It's hard not to be shaken by what is happening in Israel and Lebanon, no matter where you are.
What has impressed me is the widening rift between both sides. Even most of the Israeli left is supporting the war in Lebanon, while the entire world reacts in horror to photos and stories of civilian carnage in Lebanon. Meanwhile, Hizbollah is being seen as a heroic force by an increasing number of people in the Arab world.
This widening rift was captured for me by two articles. One from a self proclaimed "cappucino drinking Yuppie" in Lebanon who now considers himself a terrorist because of Israel's bombing, and one about a woman who opposed Israel's first Lebanon war but supports this one, because basically, the world, historically, doesn't give a damn about Jews and therefore Israel's only recourse is to aggressively defend itself. Both sides feel that they have no choice but to pursue war.
I support Israel's right to defend itself, but think its choice of military strategy in this war has been both morally and strategically wrong. What's the point of "destroying" Hizbollah if you create a thousand other Hizbollahs in Arab states throughout the mideast?
With this current strategy, and the civilian deaths it is causing, Israel is only providing more ammunition for world outrage.
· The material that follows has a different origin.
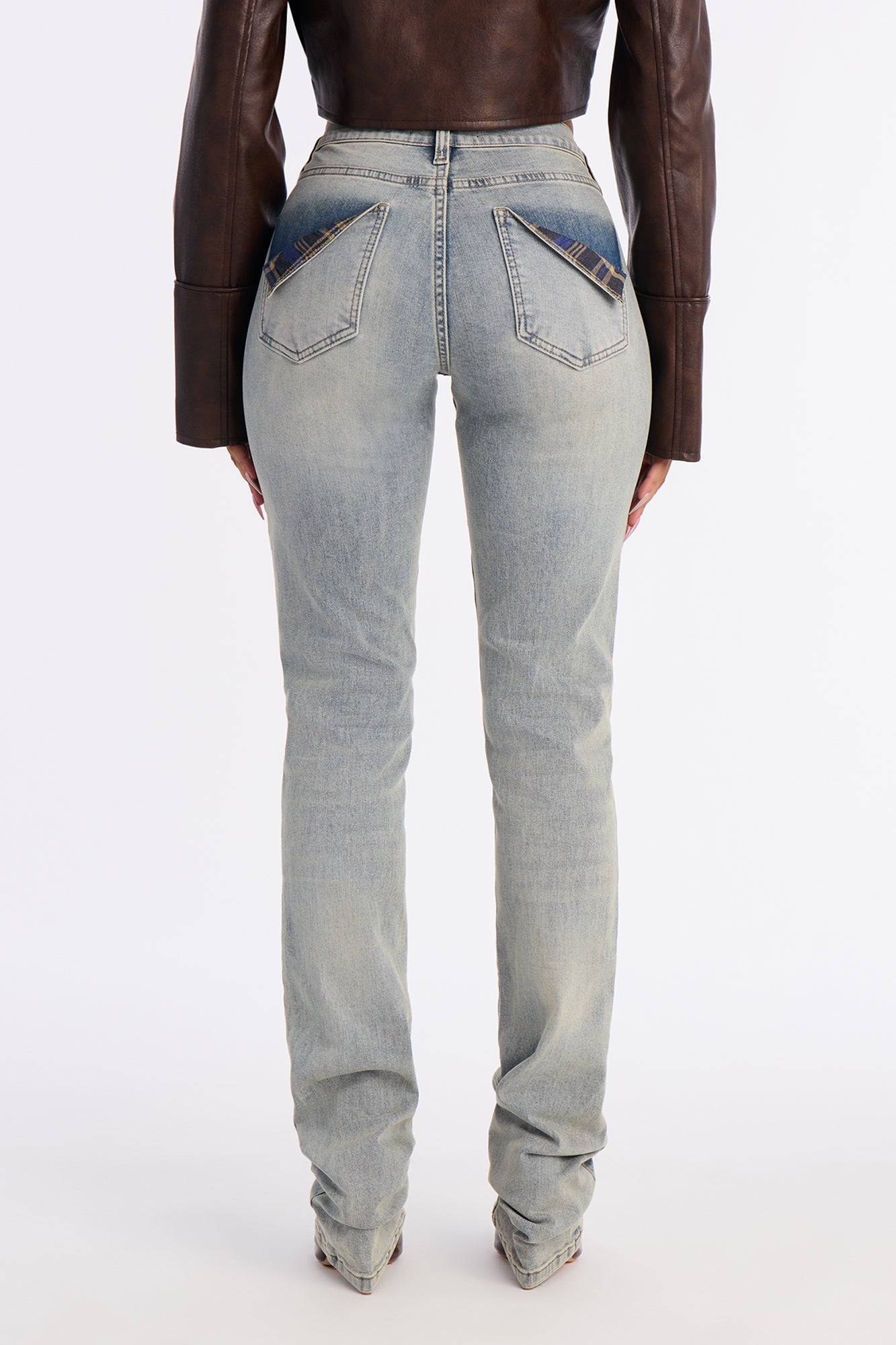 Yes Please Low Rise Stacked Skinny Jeans - Vintage Wash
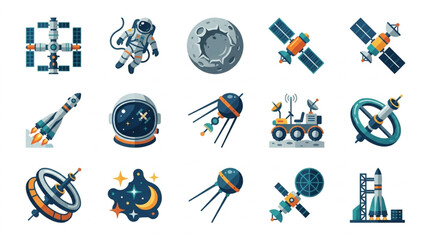 Collection of Space Exploration Icons and Illustrations. © Falik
And the world has been quick to blame Israel, and Jews--for all the world's ills.
Here in the Andes, I have found anti-semitism to be thick, and nearly impossible to argue with.
We're not talking anti-zionism, or disagreement with Israeli policies. We're talking old fashioned statements about Jews controlling the world and its finances and Jews being too secretive and refusing to help dying Christians on the Sabbath. .One guy even told me he didn't blame the US for any of its policies because it was really the Jews who were controlling things. He even swore up and down that the problem with George Bush was that he was really Jewish.
Some of these statements have come from locals, others from European tourists.
This is the part I have a problem with when it comes to criticism of Israel or of Israelis. Despite the egregious acts committed in various countries by my own government, most people are quick to separate the American government from the American people. Yet people will actually try to convince me I'm wrong when I point out that Jews in both Israel and the United States have widely different opinions about Palestine. People here seem to feel that they know more about Jews than I do, even though I am a bonafide Jew being Jewish on my mother's side and many of them have only seen Jews in the cartoons waved at street demonstrations or published in newspapers. Because to many I don't "look Jewish" (whatever that means) I have the dubious privilege of listening to all sorts of anti-semitic comments.
Okay so I'm ranting again. I'm ranting because in truth, the entire situation in the middle east fills me with horror and despair, and at times I wish it were simpler and I wish I could jump on the finger pointing bandwagon like so many people on the left who seem to feel that all the world's ills would disappear if Israel would just politely pack up its bags and cease existing, or the people on the right who are convinced its all an Islamofacist plot.
The threads of the current situation in Lebanon are far deeper and more tangled than many of us want to own up to. There are historical reasons for Israeli paranoia and aggression that many Europeans seem to conveniently forget when they start waving their Star of David equals Swastika flags, or make blithe comments like one leftist American friend who said "all the Israelis should just be shipped to New York". (Kind of like the Iranian presidents remark that Israel should be moved to Europe.) And Israelis and Arabs both, blinded by their own historical and ancestral wounds, can only lash out against the other side, in the mistaken belief that by destroying the other, they will have destroyed their enemy.